No automated procedure yet exists for the preparation of inhomogeneous data. Here is the main difficulty for the dissemination of Big Data. We all know that the technological revolutions have their times, they are sometimes very slow to spread, especially at the beginning, many sacrifices and work by the researchers and companies who believe in an unborn technology. This is an universal truth that affects all areas of human knowledge and economic activities and there is no reason to think that the Big Data somehow got excluded from this initial difficulty.
Big Data : Still Demands Manual Work and Little Automation
That is how one of the largest iceberg to overcome for the dissemination of Big Data analysis, which is the hardest work and manual labor is required to standardize the disorderly data, which is abundant in amount and arising from the other technologies available today.

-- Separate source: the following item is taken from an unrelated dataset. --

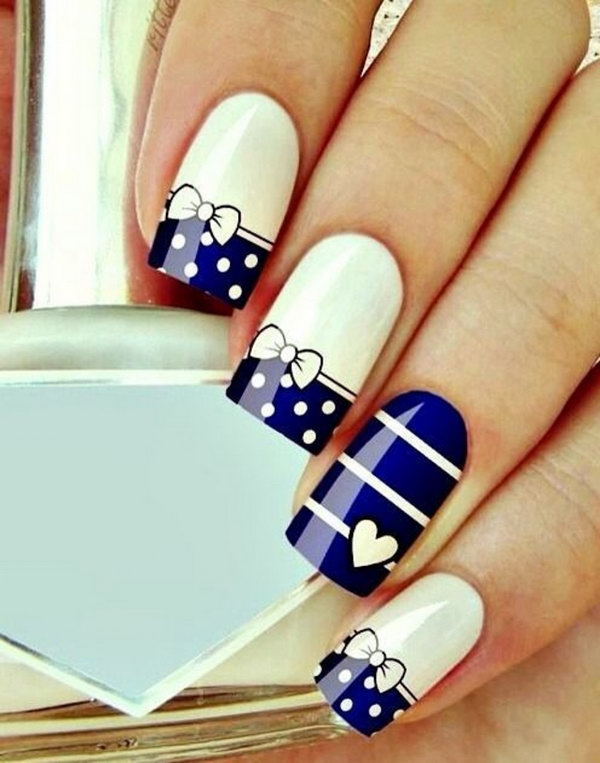 Navy and White Nails with Polka Dots , Stripes and Bows.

The technological revolution of Big Data has its own bottleneck within the invisible labor that human minds have to invest to collect, clean and organize the data from the point of view of the formatting the content of information.
Many marketers are excited to focus on the results which we can achieve with the use of analysis of Big Data, but little focus is on the work of preparation of that data, which must undergo preparation before being processed.
The abundance of data available today from the Web, sensors, smartphones, from the corporate databases makes it even more complicated and delicate this stage of data organization, it is in fact to such an extent that it requires human intervention and in particular, specialists in the industry.
Big Data Still Require a Significant Manual Labor For Data Preparation
There is not yet an automated procedure that is able to understand the different formats in which data sets are available and above all, that is able to convert and unify data even from the semantic point of view, partly because of the ambiguity of human language. An example of this could be given from the pharmaceutical industry.
The various national and international organizations working in the field of pharmacovigilance and many pharmaceutical companies who manufacture or sell drugs, describe the side effects by using terms that are synonyms of each other which, although phonetically different; refer to the same episode.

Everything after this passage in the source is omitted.